Somali victims, and family members of victims, of torture and murder brought a lawsuit in federal court against Mohamed Ali Samantar, the former Vice President, Defense Minister, and Prime Minister of Somalia. Samantar sought dismissal of the case on the ground that a federal statute, the Foreign Sovereign Immunities Act, conferred immunity on him. The Supreme Court unanimously rejected that view.
The Act confers immunity on a foreign "state," defined to include "a political subdivision of a foreign state or an agency or instrumentality" thereof. Although the Act further defines "agency or instrumentality" to include a "separate legal person, corporate or otherwise," the Justices agreed that the term "otherwise," as used in that sub-definition, was best read to refer to other artificial persons—not to actual human beings. Reading the statute as a whole, the majority found numerous clues that it was not intended to cover what the law calls "natural persons"—although the Court left open the possibility that other doctrines might grant some immunity in the case at bar.
Despite their unanimity on the core issue in the case, the Justices produced four separate opinions.
How the Case Split the Court
Justice John Paul Stevens wrote the majority opinion, joined in full by six other Justices, and in part by another. Justice Samuel Alito said he joined the opinion but thought that the majority's citations of the legislative history of the Act were unhelpful. Justice Clarence Thomas joined the opinion "except for those parts relying on the legislative history of the" Act. And Justice Scalia did not join the opinion of Justice Stevens at all.
A longtime critic of the citation of legislative history, Justice Scalia was dismayed that Justice Stevens did not cordon off his citations of legislative history into a separate section of the opinion, which would have allowed Justice Scalia to join the balance of the opinion. Justice Scalia did not explain why he could not simply join Justice Thomas's statement; perhaps he thinks that joining only part of an opinion requires a Justice to identify precisely which part he or she is joining.
In any event, readers who do not closely follow the work of the Court may find the sniping over legislative history in Samantar baffling. In this column, I shall describe and evaluate the key objections that Justice Scalia and other "textualists" raise against the use of legislative history. I shall then offer an explanation for why the debate between textualists and "purposivists" tends to track ideological divisions.

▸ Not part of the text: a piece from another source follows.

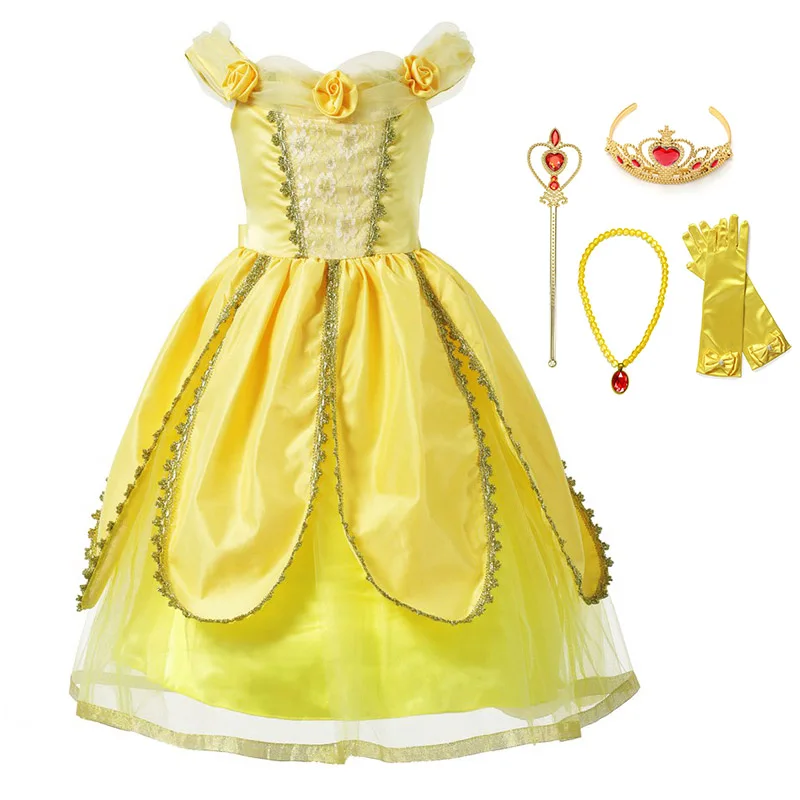 Belle Princess Dress Girl Cosplay Beauty and the Beast Costume Kids Floral Yellow Party Birthday Halloween Children's Clothing - Цвет: Dress Sets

Textualism and Article I, Section 7
Article I, Section 7 of the Constitution sets out the process by which a bill becomes a law: A majority of each congressional chamber votes for it, or in the case of a Presidential veto override, a two-thirds majority of each chamber votes for it. Textualists complain that legislative history does not pass through the Article I, Section 7 crucible, and is thus not law. Members of Congress vote to approve the text of a bill that comes before them, and only that text—not, for instance, the speech made by the bill's sponsor, or the committee report.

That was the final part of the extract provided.